### Material for this task

[Start of section]

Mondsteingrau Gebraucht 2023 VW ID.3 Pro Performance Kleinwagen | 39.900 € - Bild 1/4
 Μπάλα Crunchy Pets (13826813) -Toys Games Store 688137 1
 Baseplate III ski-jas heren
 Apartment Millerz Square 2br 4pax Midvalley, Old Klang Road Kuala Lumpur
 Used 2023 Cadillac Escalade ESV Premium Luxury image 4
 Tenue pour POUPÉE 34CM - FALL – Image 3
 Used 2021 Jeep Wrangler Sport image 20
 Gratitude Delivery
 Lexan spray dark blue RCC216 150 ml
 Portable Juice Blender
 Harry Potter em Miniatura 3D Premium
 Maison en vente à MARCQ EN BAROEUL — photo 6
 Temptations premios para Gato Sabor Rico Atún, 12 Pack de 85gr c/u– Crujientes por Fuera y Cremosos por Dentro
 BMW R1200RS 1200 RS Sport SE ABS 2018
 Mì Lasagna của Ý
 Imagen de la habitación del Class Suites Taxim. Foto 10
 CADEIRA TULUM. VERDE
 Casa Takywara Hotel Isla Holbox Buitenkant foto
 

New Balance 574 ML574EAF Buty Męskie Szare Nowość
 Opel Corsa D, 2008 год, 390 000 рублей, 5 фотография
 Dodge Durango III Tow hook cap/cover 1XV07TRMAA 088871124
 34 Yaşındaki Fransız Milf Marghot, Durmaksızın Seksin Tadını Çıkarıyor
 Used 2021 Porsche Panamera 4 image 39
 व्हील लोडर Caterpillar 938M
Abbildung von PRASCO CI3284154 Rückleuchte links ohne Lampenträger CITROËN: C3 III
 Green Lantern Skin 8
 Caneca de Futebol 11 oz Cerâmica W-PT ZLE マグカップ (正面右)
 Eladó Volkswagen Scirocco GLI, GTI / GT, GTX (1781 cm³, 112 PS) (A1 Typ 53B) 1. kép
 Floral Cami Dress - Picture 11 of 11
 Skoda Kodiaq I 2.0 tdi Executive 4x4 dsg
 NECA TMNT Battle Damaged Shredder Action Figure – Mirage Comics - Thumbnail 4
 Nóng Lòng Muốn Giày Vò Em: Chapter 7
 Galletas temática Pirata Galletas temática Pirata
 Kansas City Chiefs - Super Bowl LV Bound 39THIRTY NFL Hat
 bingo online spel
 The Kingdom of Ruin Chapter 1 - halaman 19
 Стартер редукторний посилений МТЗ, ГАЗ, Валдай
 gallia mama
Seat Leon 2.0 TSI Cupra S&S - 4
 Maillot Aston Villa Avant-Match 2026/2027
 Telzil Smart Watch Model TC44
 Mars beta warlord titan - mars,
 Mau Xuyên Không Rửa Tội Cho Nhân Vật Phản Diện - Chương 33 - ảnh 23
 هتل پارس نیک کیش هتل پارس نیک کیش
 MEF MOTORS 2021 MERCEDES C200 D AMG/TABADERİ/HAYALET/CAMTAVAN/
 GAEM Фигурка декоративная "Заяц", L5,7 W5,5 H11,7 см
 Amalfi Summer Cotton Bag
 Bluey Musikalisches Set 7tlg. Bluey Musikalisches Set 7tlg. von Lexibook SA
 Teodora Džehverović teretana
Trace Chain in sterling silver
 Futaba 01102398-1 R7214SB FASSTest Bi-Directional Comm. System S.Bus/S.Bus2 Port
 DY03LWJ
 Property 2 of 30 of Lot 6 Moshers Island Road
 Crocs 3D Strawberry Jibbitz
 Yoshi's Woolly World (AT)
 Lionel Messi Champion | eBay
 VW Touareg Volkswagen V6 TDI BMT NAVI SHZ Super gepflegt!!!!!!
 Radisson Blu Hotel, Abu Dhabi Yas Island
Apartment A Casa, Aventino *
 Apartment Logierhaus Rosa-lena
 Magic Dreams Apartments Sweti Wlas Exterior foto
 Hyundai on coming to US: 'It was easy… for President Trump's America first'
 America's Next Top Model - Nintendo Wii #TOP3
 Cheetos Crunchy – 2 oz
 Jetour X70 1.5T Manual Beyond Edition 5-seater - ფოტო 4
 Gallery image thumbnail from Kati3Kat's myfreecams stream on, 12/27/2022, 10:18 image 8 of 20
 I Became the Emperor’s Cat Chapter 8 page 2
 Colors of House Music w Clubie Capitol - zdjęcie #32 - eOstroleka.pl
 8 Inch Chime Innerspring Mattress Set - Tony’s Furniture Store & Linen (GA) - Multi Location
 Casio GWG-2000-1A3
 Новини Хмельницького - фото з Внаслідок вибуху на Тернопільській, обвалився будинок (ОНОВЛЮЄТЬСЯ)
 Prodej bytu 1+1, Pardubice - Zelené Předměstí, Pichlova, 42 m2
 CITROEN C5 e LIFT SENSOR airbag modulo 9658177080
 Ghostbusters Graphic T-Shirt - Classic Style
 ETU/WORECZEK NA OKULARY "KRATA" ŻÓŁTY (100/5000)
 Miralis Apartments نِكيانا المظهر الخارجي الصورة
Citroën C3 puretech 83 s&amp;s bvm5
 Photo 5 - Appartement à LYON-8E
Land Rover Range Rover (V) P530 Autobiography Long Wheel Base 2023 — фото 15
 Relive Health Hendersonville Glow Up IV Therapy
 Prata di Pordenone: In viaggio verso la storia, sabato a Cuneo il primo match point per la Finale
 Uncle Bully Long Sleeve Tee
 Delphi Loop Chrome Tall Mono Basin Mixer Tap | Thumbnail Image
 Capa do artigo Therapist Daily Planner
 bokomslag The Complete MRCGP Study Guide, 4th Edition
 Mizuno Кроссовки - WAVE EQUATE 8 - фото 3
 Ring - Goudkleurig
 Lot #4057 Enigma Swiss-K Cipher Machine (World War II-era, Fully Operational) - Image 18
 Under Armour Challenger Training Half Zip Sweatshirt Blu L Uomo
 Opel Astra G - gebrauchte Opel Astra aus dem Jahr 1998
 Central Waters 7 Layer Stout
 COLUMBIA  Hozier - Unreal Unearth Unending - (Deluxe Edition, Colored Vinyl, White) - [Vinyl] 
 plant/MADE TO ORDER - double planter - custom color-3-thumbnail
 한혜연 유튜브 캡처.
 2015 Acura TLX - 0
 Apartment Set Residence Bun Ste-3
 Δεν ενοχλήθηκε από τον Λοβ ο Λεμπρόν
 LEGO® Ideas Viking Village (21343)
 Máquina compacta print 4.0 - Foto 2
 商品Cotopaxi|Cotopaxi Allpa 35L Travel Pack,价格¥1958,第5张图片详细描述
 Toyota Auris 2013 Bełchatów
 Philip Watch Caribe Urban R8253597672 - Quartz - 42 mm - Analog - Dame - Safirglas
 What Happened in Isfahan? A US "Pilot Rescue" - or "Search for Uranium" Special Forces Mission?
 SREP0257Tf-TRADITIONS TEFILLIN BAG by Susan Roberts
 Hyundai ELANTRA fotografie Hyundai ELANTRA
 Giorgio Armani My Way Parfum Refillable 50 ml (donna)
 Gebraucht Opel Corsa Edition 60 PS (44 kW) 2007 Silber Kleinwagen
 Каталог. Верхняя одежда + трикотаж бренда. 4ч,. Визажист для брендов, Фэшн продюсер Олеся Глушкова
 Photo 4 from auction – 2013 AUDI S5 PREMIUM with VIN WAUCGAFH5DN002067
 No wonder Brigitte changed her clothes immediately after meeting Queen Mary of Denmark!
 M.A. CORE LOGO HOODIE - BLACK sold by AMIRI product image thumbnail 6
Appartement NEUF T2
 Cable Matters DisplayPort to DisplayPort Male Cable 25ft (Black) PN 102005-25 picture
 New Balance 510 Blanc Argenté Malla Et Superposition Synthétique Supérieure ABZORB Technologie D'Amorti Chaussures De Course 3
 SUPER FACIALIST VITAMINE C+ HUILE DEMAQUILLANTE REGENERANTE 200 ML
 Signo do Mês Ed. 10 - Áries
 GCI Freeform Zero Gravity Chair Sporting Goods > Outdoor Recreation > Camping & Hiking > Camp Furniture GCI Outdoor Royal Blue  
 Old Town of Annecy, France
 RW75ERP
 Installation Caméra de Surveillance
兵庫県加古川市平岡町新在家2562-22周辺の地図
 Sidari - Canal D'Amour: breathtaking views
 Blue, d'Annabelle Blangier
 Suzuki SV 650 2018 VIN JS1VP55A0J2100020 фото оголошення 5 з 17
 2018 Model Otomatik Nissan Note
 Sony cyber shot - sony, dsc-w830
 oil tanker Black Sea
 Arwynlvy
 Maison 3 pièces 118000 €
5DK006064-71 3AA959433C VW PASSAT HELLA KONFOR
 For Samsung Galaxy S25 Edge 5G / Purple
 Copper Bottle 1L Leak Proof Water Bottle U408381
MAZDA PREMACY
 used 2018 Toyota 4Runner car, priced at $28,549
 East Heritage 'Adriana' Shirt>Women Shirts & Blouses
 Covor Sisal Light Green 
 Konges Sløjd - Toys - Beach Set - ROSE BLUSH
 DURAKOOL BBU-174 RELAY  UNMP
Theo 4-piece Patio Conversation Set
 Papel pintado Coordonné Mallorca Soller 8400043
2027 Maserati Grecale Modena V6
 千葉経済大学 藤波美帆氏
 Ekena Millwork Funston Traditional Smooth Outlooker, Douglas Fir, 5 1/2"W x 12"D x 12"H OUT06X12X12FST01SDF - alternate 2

[End of section]

### What is needed
Lines to set down from above: the line with "Hyundai on coming", the line with "Jetour X70 1.5T", and every line between, each exactly as written.

### Reply to the exercise
 Hyundai on coming to US: 'It was easy… for President Trump's America first'
 America's Next Top Model - Nintendo Wii #TOP3
 Cheetos Crunchy – 2 oz
 Jetour X70 1.5T Manual Beyond Edition 5-seater - ფოტო 4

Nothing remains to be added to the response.